To some ice cream experts, chocolate chip feels plain. "It's not the worst, but it's not that good," said Ani Ward, 8, standing in the frozen-food aisle.

NYT articleChocolate chip ice cream, once a year-round staple, has fallen out of favor.

By Matt Richtel

Reported from ice-cream shops and frozen-food aisles in Boulder, Colo.

Feb. 15, 2024

Banana pudding, chocolate fudge brownie, salted caramel, Cherry Garcia, Dr Pepper Float and dozens of other flavors packed the ice-cream freezer at a local Safeway. Robin Sawyer, one recent Sunday afternoon, hunted for her personal favorite, black raspberry chocolate chunk.

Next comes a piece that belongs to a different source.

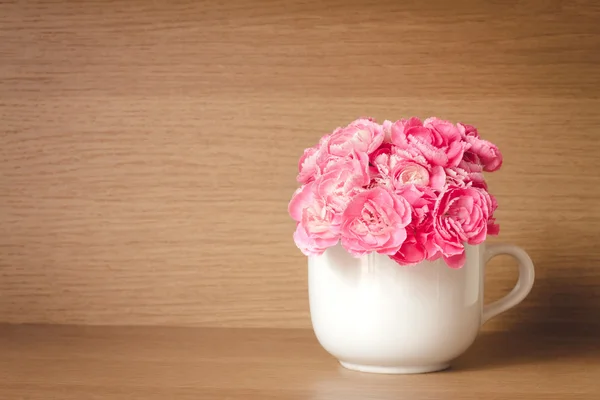 Čerstvý růžový květ karafiátu na pozadí dřevěná police — Stock fotografie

Her husband, Mark, 68, has long been a fan of chocolate chip, but he doesn't see it around much anymore.

"Here it is!" Ms. Sawyer, 66, said to him, kneeling in front of the Haagen-Dazs section. "In the small container." Then she corrected herself: "Oh, that's chocolate chocolate chip."

Vanilla chocolate chip ice cream, once a staple of the ice cream world and one of the top sellers of all time, has fallen out of favor. The flavor can still be found (a closer inspection of the Safeway aisle in this university mountain town revealed pints of Baskin Robbins's chocolate chip), but it has been losing ground to flavors with more stuff, like cookies and cream and chocolate chip cookie dough.

Those two flavors are among the nation's top five best sellers, according to the International Dairy Foods Association, while chocolate chip no longer makes the top 10. It is now sold only in selected markets or at certain times of the year, according to major manufacturers.

"Chocolate chip used to be a flavor we produced constantly," said Christine Crowley, communications specialist for Babcock Dairy Plant, which has 75 years of ice-cream making under its belt, in Madison, Wis. Chocolate chip hasn't been a staple for a decade, she said: "Now it's seasonal."

Meaning, made for summer only. Even then, chocolate chip is not such a hot seller. Last summer, Babcock took four and a half months to sell through the 110 gallons of chocolate chip it had made, compared to three months for the same amount of chocolate chip cookie dough. "It's kind of not fair," Ms. Crowley said of the comparison. "We stock chocolate chip cookie dough all year," giving it such an edge that it's "creeping up on vanilla" in popularity.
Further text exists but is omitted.